By 1859, nearly a dozen different translations had been produced and circulated widely enough that a scholar named William Turner could inventory each author’s reading of every glyph and sign in the inscription. In his inventory, Turner noted 324 individual variants of the twenty-two letters in the Phoenician inscription, pointing out where the reading of the text depended on careful (and debatable) understanding of the glyphs. The text furnished precious information on the language spoken by the Phoenicians about 500 BCE, and no inscription of any length in this tongue had ever been found before. Turner stated that the writing was “traced by a firm hand, trained and skilled” except for the first few lines which “showed some inexperience of the engraver with the tool.” Indeed, the inscription shows a mature state of the letterforms, highly standardized, their right-to-left direction and regular angles, size, and orientation expertly executed. The text was a funerary inscription for King Eshmunazar II warning ordinary and royal persons alike not to disturb the coffin of the dead king and threatening misfortune should they do so.
Turner made an attempt to date the inscription through a combination of historical and paleographic evidence, comparing the state of the writing with other inscriptions, particularly some recorded by Richard Pococke in Cyprus in 1743 and inscriptions found at “Marseilles, Carthage, Citium, Malta, Athens, and most of the coins of Phoenicia and the neighboring regions to the north.” The chief point of this discussion was to emphasize the significance of the inscription’s having been found in “Phoenicia proper.”

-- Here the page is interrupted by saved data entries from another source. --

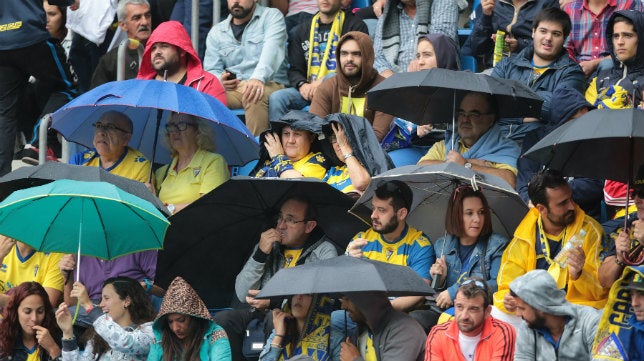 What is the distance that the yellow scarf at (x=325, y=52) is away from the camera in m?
13.2

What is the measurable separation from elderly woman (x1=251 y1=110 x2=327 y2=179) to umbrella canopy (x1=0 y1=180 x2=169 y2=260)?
1713mm

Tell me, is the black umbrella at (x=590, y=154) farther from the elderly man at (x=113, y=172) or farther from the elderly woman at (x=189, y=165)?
the elderly man at (x=113, y=172)

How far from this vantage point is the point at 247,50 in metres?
13.2

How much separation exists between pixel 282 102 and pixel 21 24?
2394mm

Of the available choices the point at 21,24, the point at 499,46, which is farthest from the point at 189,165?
the point at 499,46

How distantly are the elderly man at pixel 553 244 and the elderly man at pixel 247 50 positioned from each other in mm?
4177

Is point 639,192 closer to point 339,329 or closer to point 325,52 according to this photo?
point 339,329

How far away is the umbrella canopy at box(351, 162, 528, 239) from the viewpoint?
368 inches

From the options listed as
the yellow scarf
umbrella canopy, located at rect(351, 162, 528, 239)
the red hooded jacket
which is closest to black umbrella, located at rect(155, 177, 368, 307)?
umbrella canopy, located at rect(351, 162, 528, 239)

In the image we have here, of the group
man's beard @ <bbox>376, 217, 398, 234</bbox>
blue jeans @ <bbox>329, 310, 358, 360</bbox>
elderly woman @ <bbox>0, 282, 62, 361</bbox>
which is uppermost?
man's beard @ <bbox>376, 217, 398, 234</bbox>

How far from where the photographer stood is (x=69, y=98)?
13.2 m

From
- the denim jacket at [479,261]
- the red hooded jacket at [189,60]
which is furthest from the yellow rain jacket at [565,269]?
the red hooded jacket at [189,60]

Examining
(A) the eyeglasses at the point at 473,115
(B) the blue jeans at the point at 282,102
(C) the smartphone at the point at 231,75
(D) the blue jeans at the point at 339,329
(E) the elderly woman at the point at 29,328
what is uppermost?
(A) the eyeglasses at the point at 473,115

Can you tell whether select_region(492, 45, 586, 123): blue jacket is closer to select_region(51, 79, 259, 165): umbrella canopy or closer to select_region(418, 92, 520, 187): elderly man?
select_region(418, 92, 520, 187): elderly man
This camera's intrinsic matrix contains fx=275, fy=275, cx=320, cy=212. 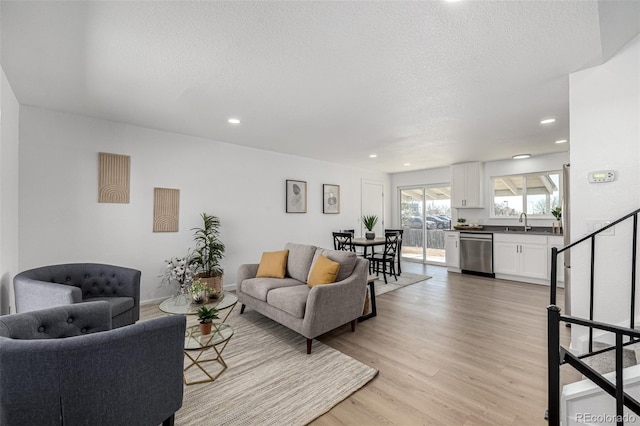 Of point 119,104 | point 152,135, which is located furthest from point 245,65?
point 152,135

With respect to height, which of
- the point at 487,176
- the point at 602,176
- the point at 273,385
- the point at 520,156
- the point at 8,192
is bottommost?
the point at 273,385

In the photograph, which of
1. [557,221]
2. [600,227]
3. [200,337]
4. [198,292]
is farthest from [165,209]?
[557,221]

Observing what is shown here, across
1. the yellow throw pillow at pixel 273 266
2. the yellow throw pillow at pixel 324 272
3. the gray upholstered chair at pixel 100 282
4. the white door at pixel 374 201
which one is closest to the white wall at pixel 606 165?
the yellow throw pillow at pixel 324 272

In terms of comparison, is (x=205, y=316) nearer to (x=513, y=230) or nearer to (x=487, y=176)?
(x=513, y=230)

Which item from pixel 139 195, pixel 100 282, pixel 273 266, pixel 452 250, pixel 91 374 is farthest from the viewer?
pixel 452 250

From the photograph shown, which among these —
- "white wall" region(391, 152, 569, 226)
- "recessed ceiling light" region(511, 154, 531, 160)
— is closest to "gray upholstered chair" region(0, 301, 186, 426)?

Turner characterized the Phoenician language as close to biblical Hebrew and therefore useful as “a direct contribution towards elucidating the language of the Hebrew Scriptures.” The term biblical Hebrew designates an archaic branch of the Canaanite Semitic language in use by the tenth century BCE. He noted the absence of the matres lectionis (“mothers of reading”) and other details in the inscription’s orthography. Like the other scholars involved in these translations, Turner had not seen the original artifact, only the various reproductions of its inscription. But his work showed how rapidly epigraphic methods and historical analysis could advance given such a rich piece of evidence.
This first discovery of a Phoenician inscription in situ merits considerable attention because it profoundly changed historical knowledge and inquiry. Successive discoveries built a more complete picture of the history of the kings of Sidon, and with each new inscription, the inventory of letterforms increased along with the capacity of scholars to identify even the smallest variations among them. Meanwhile, other major discoveries shifted the geographic focus in exciting ways—to the ancient kingdom of Moab and to that most significant city, Jerusalem.